EXERCISE INSTRUCTIONS:
For the material below, return exactly the lines starting at the one holding "G-rework Decal HGUC" and ending at the one holding "Iesous ahatonnia' (Huron Carol)", counting both as part of the range.

TASK MATERIAL:
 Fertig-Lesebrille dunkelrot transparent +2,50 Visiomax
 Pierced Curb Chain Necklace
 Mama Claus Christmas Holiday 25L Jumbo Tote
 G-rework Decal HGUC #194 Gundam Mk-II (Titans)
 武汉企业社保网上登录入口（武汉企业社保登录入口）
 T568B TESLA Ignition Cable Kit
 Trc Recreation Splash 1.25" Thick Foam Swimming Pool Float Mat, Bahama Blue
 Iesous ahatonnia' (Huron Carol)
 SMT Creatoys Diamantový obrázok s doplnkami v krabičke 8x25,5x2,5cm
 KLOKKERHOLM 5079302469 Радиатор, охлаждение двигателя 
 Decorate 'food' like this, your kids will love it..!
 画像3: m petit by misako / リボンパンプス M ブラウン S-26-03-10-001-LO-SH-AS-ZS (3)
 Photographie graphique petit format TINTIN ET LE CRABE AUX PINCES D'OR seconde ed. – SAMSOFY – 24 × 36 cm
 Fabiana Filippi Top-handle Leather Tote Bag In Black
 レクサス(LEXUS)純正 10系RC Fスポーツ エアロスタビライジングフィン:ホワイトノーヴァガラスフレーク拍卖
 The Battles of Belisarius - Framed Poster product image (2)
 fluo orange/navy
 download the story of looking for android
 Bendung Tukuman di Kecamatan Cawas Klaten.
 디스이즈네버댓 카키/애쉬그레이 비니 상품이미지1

COMPLETED TASK:
 G-rework Decal HGUC #194 Gundam Mk-II (Titans)
 武汉企业社保网上登录入口（武汉企业社保登录入口）
 T568B TESLA Ignition Cable Kit
 Trc Recreation Splash 1.25" Thick Foam Swimming Pool Float Mat, Bahama Blue
 Iesous ahatonnia' (Huron Carol)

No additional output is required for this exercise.